O Brasil está perdendo a oportunidade de tomar a dianteira numa área considerada crucial tanto para o meio ambiente quanto para a economia: a venda de créditos de carbono a países que precisam reduzir suas emissões de gases que contribuem para o aquecimento global. O alerta foi feito este mês por políticos e especialistas em clima.

Um acordo negociado entre Brasil e Alemanha em 2002 previa o aumento da frota nacional movida a álcool em 100 mil carros. Na época, ficou acertado que a Alemanha transferiria ao Brasil R$ 100 milhões para viabilizar o projeto.

Em troca, ela ficaria com os créditos de carbono decorrentes do uso de um combustível limpo. O acordo, entretanto, jamais saiu do papel. O governo garante que o projeto está sendo reavaliado.

Segundo o Protocolo de Kioto — o acordo internacional para a redução da emissão de gases que provocam o aquecimento global — apenas os países desenvolvidos têm obrigação de reduzir suas emissões de poluentes.

O protocolo parte da premissa que esses países basearam seu desenvolvimento na emissão desses gases e, por isso, devem pagar a conta do aquecimento do planeta.

O acordo prevê, entretanto, que na impossibilidade de reduzirem essas emissões em seu próprio território, eles podem comprar as reduções feitas por países de industrialização mais recente, caso do Brasil.

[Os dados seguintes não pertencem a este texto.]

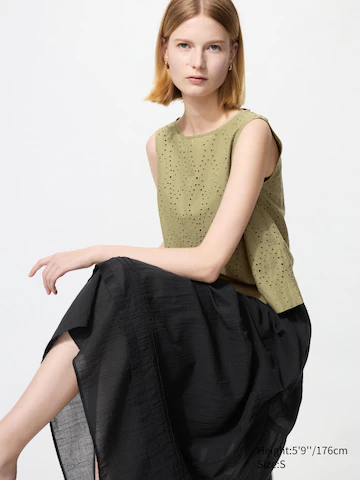 Женский топ с вышивкой (без рукавов)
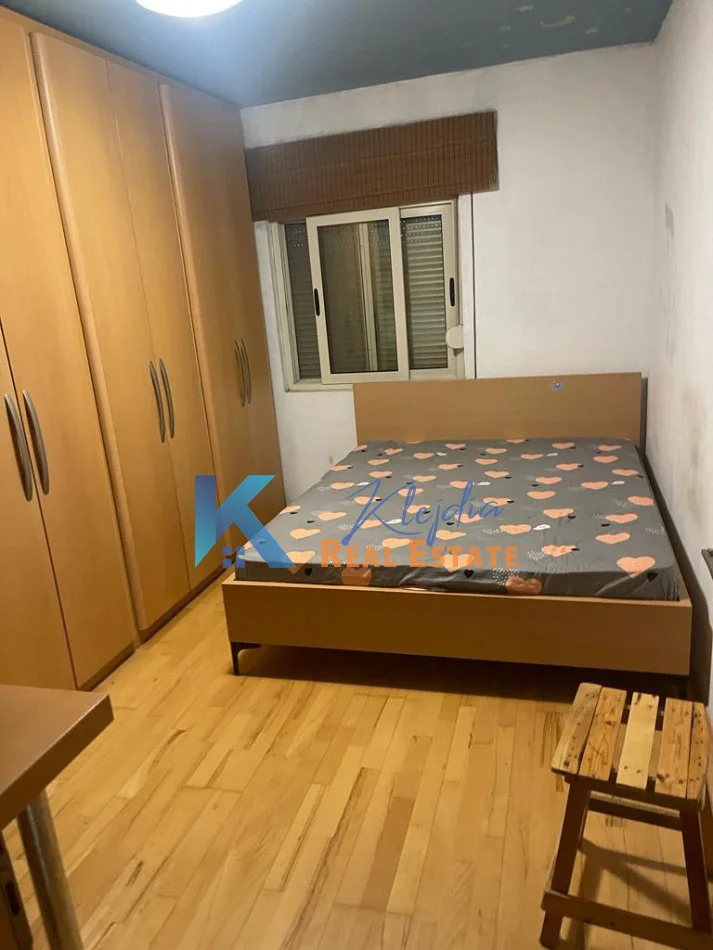 Tirane, jap me qera apartament 2+1 Kati 4, 70 m² 480 € (afer Pediatrise)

Em outras palavras, por meio do chamado Mecanismo de Desenvolvimento Limpo (MDL), os países ricos ganham o direito de continuar emitindo gases do aquecimento global, desde que reduzam as emissões em outros pontos do mundo. E paguem por isso.

— Com grande força simbólica, a assinatura do acordo entre Brasil e Alemanha abria caminho para a aplicação do Mecanismo de Desenvolvimento Limpo — aponta o deputado federal Fernando Gabeira (sem partido-RJ).

Depois de dez anos rodando, os 100 mil novos carros teriam deixado de lançar na atmosfera cerca de sete milhões de toneladas de dióxido de carbono.

— Tenho certeza de que isso é bom para o Brasil e espero que esse acordo seja retomado — defende o pesquisador Luiz Gylvan Meira Filho, do Instituto de Estudos Avançados da Universidade de São Paulo (USP).

— Vale lembrar que o acordo foi transformado em lei, aprovada por unanimidade no Congresso Nacional.

Governo defende renegociação do acordo

Segundo defensores do acordo, o Brasil só teria a ganhar com sua implementação. Para a produção adicional de 430 milhões de litros de álcool combustível por ano, necessários para abastecer a nova frota, as plantações de cana seriam aumentadas em 67 mil hectares, gerando 20 mil novos empregos.

Além disso, os compradores dos carros teriam um desconto de R$ 1 mil. Sobretudo, dizem, o país perde a chance de realizar um gesto emblemático em prol das fontes renováveis de combustível.

— O carro a álcool emite menos CO2 e ainda contribui menos para a poluição urbana — lembra Meira. — O que falta é regulamentar a lei.

Para o deputado federal José Sarney Filho (PV-MA), o Brasil teria um ganho inquestionável:

— O acordo abre novas perspectivas tanto para a indústria automobilística quanto para os produtores de álcool.

Pode-se abrir uma fronteira inesgotável na exportação. Sem falar do lado ambiental. Acho que o governo deveria olhar essa questão com mais carinho.

Sarney Filho e Gabeira estiveram reunidos há três semanas com o ministro da Agricultura, Roberto Rodrigues, com quem trataram do tema.

— O Brasil pode produzir energia para mover as máquinas do mundo — diz Gabeira.

O governo garante que não engavetou o projeto, mas estuda alterações.

O Ministério da Ciência e Tecnologia informou que o acordo está sendo reestudado pelos dois países.

A revisão do compromisso é motivada por “mudanças conjunturais”, entre as quais o fato de carros a álcool não estarem mais sendo produzidos no país.

Com a mesma intenção de gerar créditos de carbono a serem vendidos para outros países, inclusive a Alemanha, o governo cogita agora usar a frota de veículos multicombustíveis e não mais de carros a álcool.

O tema está sendo discutido nos ministérios do Desenvolvimento, do Meio Ambiente e também na Casa Civil da Presidência da República.